So, I kind of like the ambika voice-structure, but I want to try making my own. I know this would require a lot of work. I see some py-scripts around the repo. Is there some way to simplify making a new patch-architecture that I can make use of?
The answer is almost surely “no”.
May I know which changes you’d like to do? And which python scripts are you referring to by the way?
Sometimes things are laid out in a format for a particular reason [tm].
They may look ugly or not very uniform when reading it but make sense for performance reasons.
Intel for example took the ugly mess that is x86 and made the lovely clean Itanium, but was it as good? nope
I was referring to these:
the resource generation seem like it could save me a couple of hours
I want to build and architecture centered around osc1 being a modulator for osc2 and having a lot of features in o2, such as wavetable-interpolation and not so many in osc1. Kind of like a buchla-esque thing. Also, I want to have some features where osc3 is used to crossfade between o1 and o2 and other such things. Crazier sounds in general. Perhaps I will try to add these features to the existing voice structure somehow, add more operators etc.

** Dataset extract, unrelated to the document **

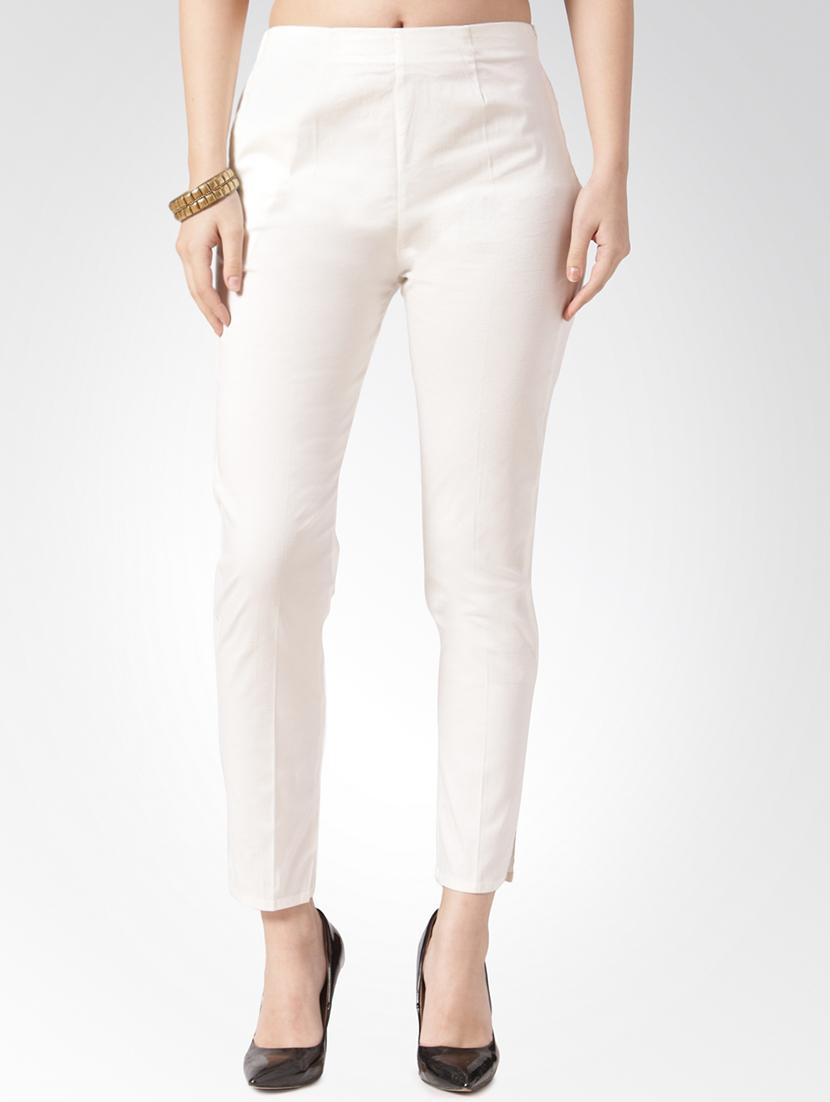 White solid flat front trousers - 15842393 - Zoom Image - 1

Hmm, don’t want to offend you but if you think such changes can be done by modifying some python scripts (which btw. get generated automatically from your C++ code!), you should not even think about starting to work on it.

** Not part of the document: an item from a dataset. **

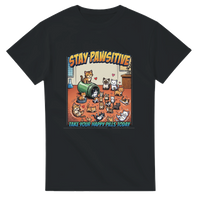 Grumpy Cat 'Stay Pawsitive Nope' T-shirt | Heavyweight Unisex Crewneck T-shirt | Classic Comfort in Black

Sorry, but you would have to rewrite huge parts of the OS to implement your changes.
Of course this is possible (to a certain extent as there are still a few hardware limitations) but looking at your python note I’m in doubt that you will be able to start working on it.
As I said: don’t want to offend you. Just wanted to make you aware of a certain complexity here.
The “resource” python scripts generate all the lookup table data - things like envelope rates and shapes, LFO waveforms, band-limited oscillator data… It also creates a big blob with all the strings used in the user interface.
You’ll have to eventually use this at some point, but this is certainly not where to begin…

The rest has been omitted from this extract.